Records from a dataset
#####

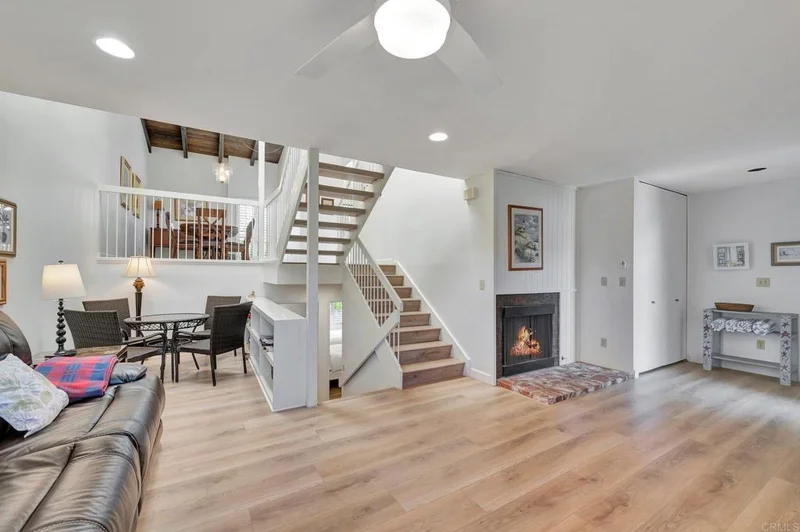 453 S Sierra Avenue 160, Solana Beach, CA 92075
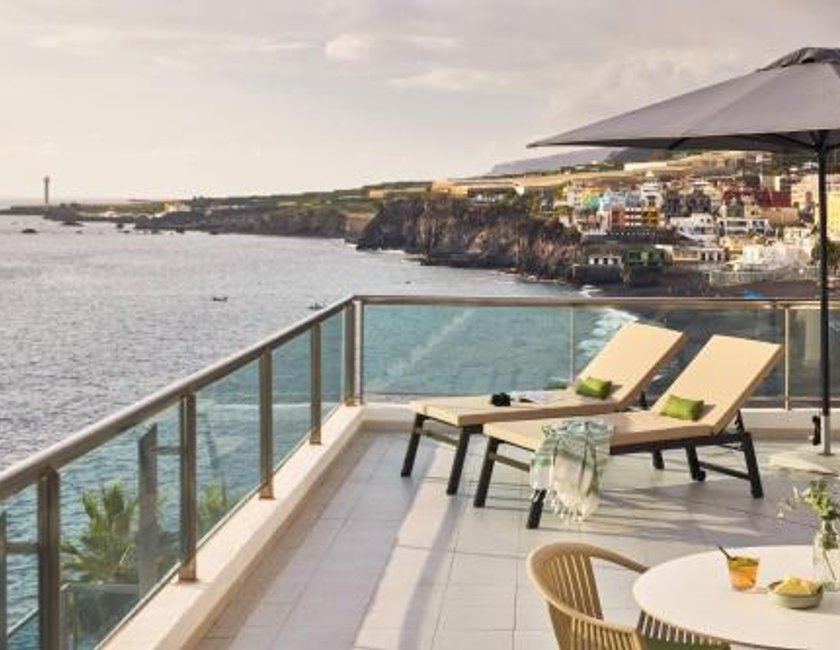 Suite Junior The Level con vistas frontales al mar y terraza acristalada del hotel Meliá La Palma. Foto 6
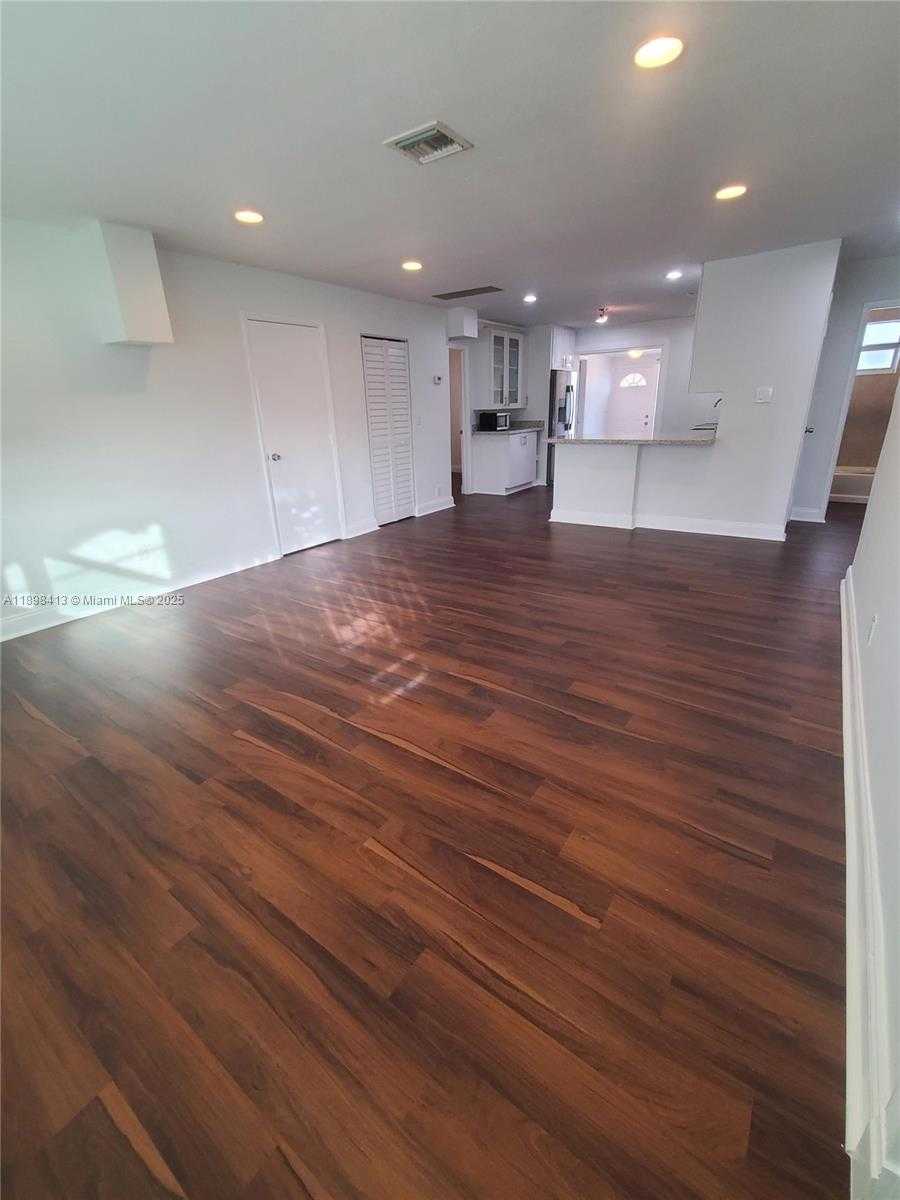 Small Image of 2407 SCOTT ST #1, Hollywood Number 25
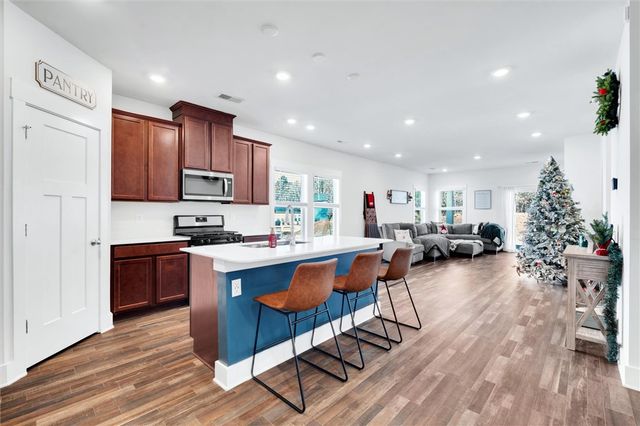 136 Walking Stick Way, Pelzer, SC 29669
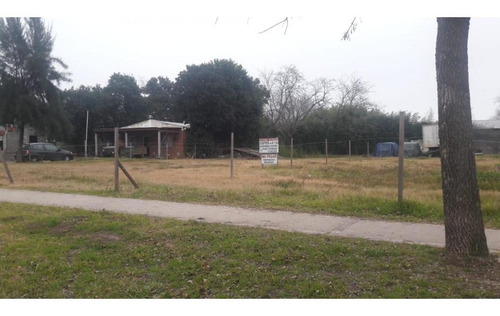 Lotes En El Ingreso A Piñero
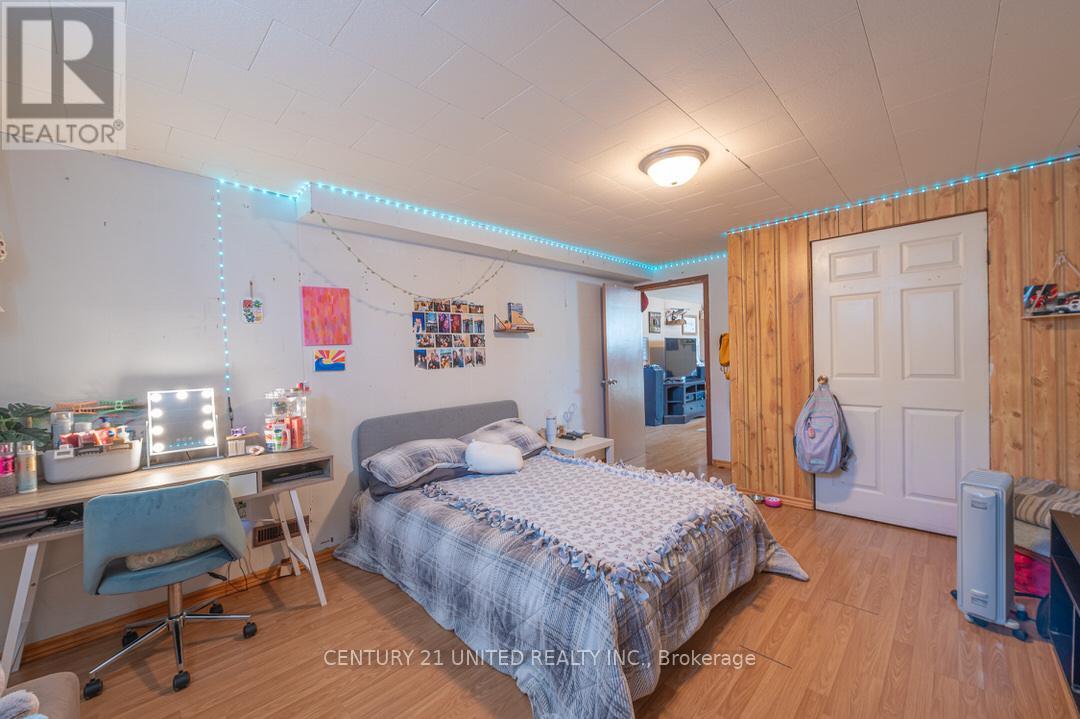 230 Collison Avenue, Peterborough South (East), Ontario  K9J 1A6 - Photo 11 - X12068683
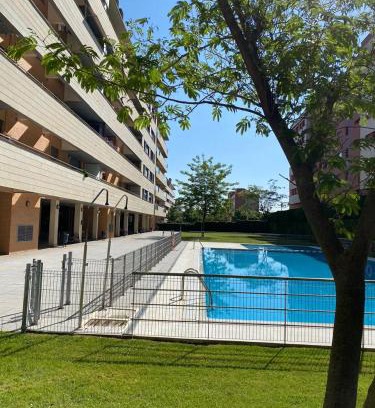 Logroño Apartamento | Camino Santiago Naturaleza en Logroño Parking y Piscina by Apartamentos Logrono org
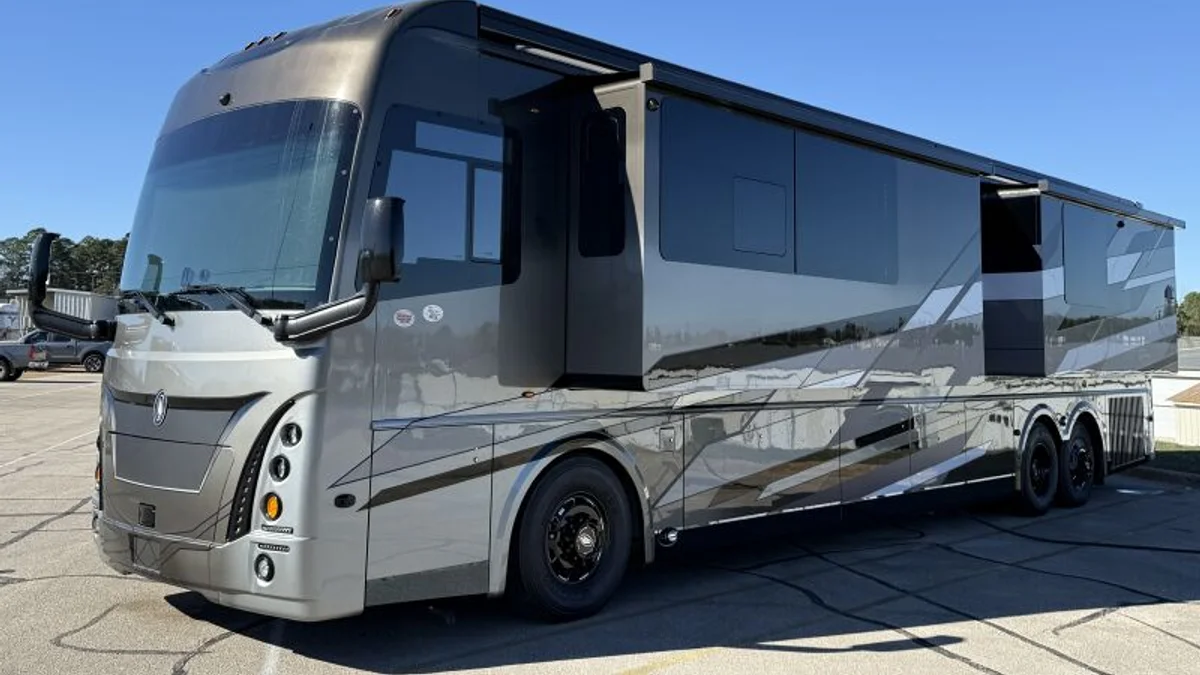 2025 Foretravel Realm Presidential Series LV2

#####

▶ [Problem]
Leave out every picture and copy verbatim the lines running from the line containing "136 Walking Stick Way, Pelzer, SC 29669" through the final line of the data.

▶ [Answer space]
 136 Walking Stick Way, Pelzer, SC 29669
 Lotes En El Ingreso A Piñero
 230 Collison Avenue, Peterborough South (East), Ontario  K9J 1A6 - Photo 11 - X12068683
 Logroño Apartamento | Camino Santiago Naturaleza en Logroño Parking y Piscina by Apartamentos Logrono org
 2025 Foretravel Realm Presidential Series LV2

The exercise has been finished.